Excerpted data below:

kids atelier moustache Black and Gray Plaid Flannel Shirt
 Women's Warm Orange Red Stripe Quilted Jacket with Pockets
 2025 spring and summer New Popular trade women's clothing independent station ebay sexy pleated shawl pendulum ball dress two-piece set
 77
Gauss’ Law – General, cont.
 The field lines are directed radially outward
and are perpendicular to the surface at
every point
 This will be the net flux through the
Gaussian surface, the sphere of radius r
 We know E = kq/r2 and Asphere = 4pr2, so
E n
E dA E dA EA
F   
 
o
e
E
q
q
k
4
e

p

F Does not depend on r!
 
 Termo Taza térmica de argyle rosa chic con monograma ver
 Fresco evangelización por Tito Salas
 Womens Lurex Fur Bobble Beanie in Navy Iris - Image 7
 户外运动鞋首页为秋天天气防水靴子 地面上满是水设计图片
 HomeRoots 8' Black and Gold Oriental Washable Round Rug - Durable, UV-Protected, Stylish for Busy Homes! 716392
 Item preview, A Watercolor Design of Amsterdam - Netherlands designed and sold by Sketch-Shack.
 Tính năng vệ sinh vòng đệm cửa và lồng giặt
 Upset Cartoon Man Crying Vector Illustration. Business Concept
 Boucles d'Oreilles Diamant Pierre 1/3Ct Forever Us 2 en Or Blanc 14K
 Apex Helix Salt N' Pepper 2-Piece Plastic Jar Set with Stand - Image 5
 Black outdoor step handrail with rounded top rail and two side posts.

End of Excerpted data.

All of the entries above must be output word for word.

■ Answer space
kids atelier moustache Black and Gray Plaid Flannel Shirt
 Women's Warm Orange Red Stripe Quilted Jacket with Pockets
 2025 spring and summer New Popular trade women's clothing independent station ebay sexy pleated shawl pendulum ball dress two-piece set
 77
Gauss’ Law – General, cont.
 The field lines are directed radially outward
and are perpendicular to the surface at
every point
 This will be the net flux through the
Gaussian surface, the sphere of radius r
 We know E = kq/r2 and Asphere = 4pr2, so
E n
E dA E dA EA
F   
 
o
e
E
q
q
k
4
e

p

F Does not depend on r!
 
 Termo Taza térmica de argyle rosa chic con monograma ver
 Fresco evangelización por Tito Salas
 Womens Lurex Fur Bobble Beanie in Navy Iris - Image 7
 户外运动鞋首页为秋天天气防水靴子 地面上满是水设计图片
 HomeRoots 8' Black and Gold Oriental Washable Round Rug - Durable, UV-Protected, Stylish for Busy Homes! 716392
 Item preview, A Watercolor Design of Amsterdam - Netherlands designed and sold by Sketch-Shack.
 Tính năng vệ sinh vòng đệm cửa và lồng giặt
 Upset Cartoon Man Crying Vector Illustration. Business Concept
 Boucles d'Oreilles Diamant Pierre 1/3Ct Forever Us 2 en Or Blanc 14K
 Apex Helix Salt N' Pepper 2-Piece Plastic Jar Set with Stand - Image 5
 Black outdoor step handrail with rounded top rail and two side posts.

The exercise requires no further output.